● **Requirement**: Please reproduce the data exactly and omit the pictures.

(Supplied information Opens)

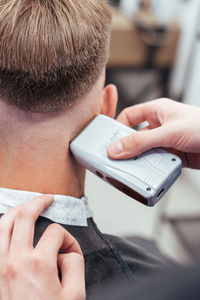 Close-up of man using mobile phone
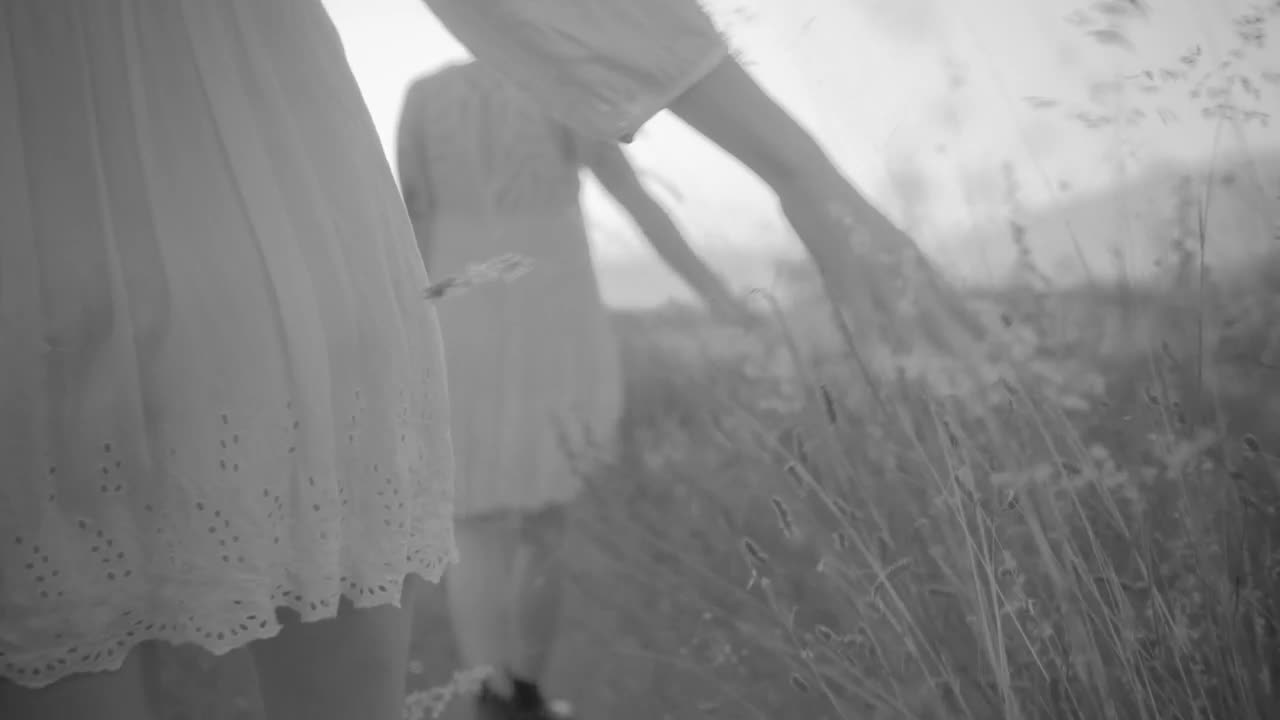 Stock Video Couple Of Women Dressed In White Walking Across The Field Live Wallpaper For PC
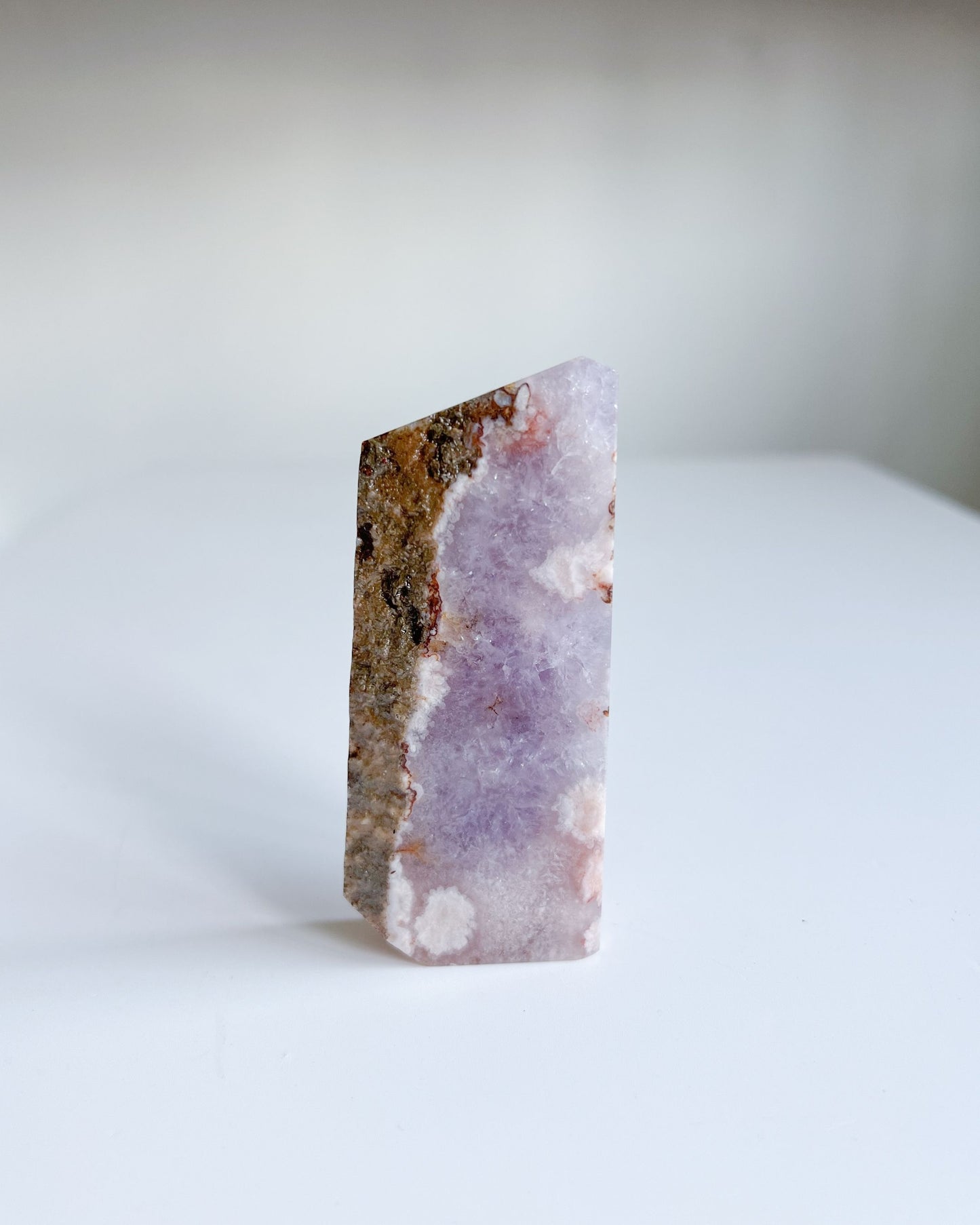 Back of Leia flower agate slab showcasing earthy quartz ridge and pinkish floral blooms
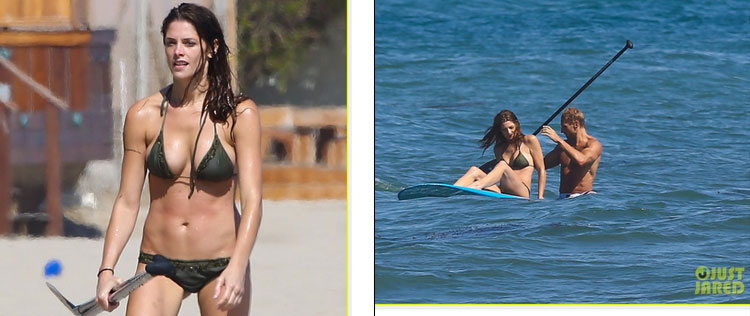 Ashley Greene mostra corpão na praia com homem não identificado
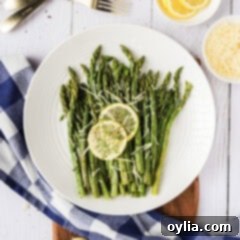 Tender-Crisp Instant Pot Asparagus 10 Plate of Instant Pot Asparagus with lemon slices
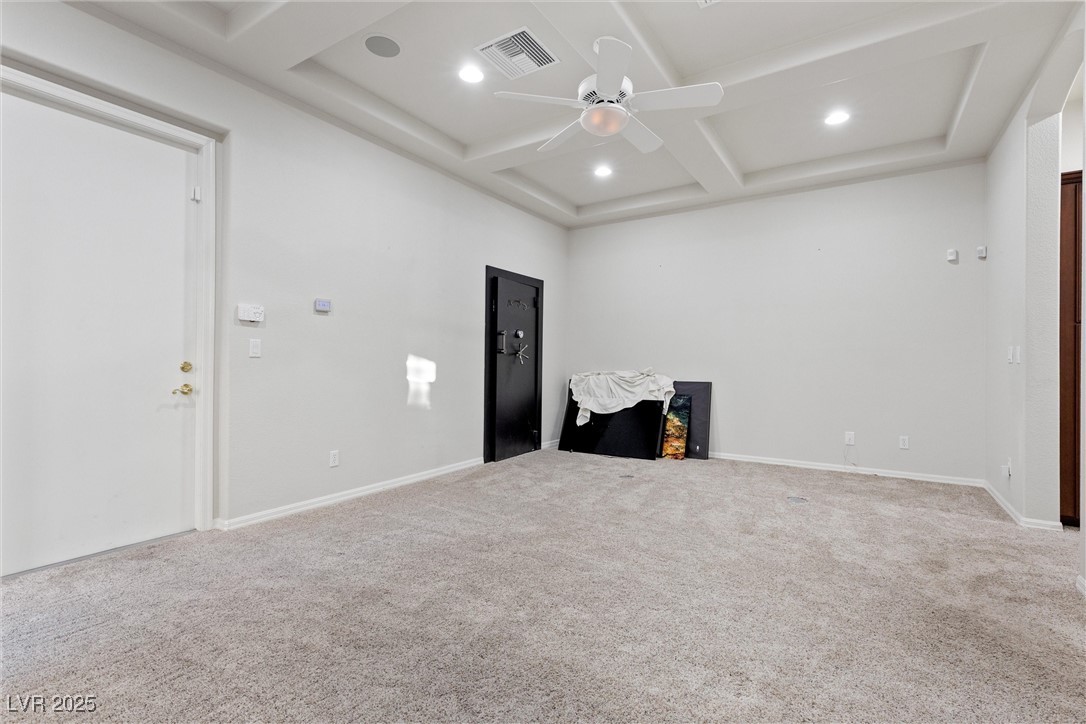 1911 Alcova Ridge Drive Las Vegas, NV 89135 - Photo 32 of 43 Unfurnished living room featuring visible vents, a ceiling fan, beam ceiling, carpet flooring, and coffered ceiling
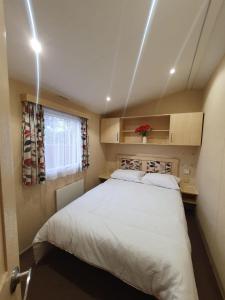 ein Schlafzimmer mit einem großen weißen Bett und einem Fenster in der Unterkunft Dog Friendly 8 Berth Caravan At Dovercourt Holiday Park In Essex Ref 44004p in Great Oakley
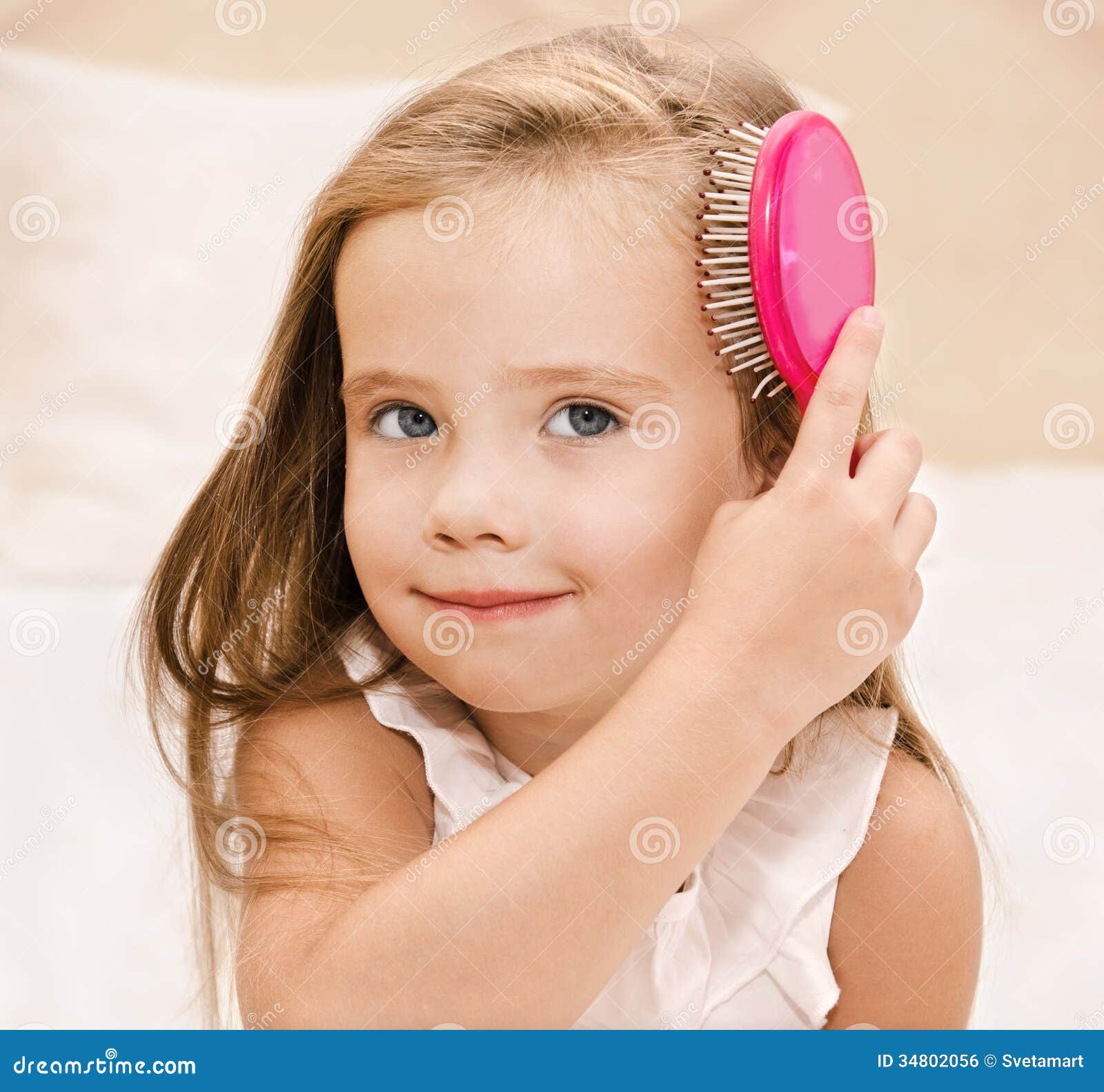 Portrait Of Smiling Little Girl Brushing Her Hair Stock Portrait Of Smiling Little Girl Brushing Her Hair Stock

(Supplied information Closes)

● **Task response**:
 Close-up of man using mobile phone
 Stock Video Couple Of Women Dressed In White Walking Across The Field Live Wallpaper For PC
 Back of Leia flower agate slab showcasing earthy quartz ridge and pinkish floral blooms
 Ashley Greene mostra corpão na praia com homem não identificado
 Tender-Crisp Instant Pot Asparagus 10 Plate of Instant Pot Asparagus with lemon slices
 1911 Alcova Ridge Drive Las Vegas, NV 89135 - Photo 32 of 43 Unfurnished living room featuring visible vents, a ceiling fan, beam ceiling, carpet flooring, and coffered ceiling
 ein Schlafzimmer mit einem großen weißen Bett und einem Fenster in der Unterkunft Dog Friendly 8 Berth Caravan At Dovercourt Holiday Park In Essex Ref 44004p in Great Oakley
 Portrait Of Smiling Little Girl Brushing Her Hair Stock Portrait Of Smiling Little Girl Brushing Her Hair Stock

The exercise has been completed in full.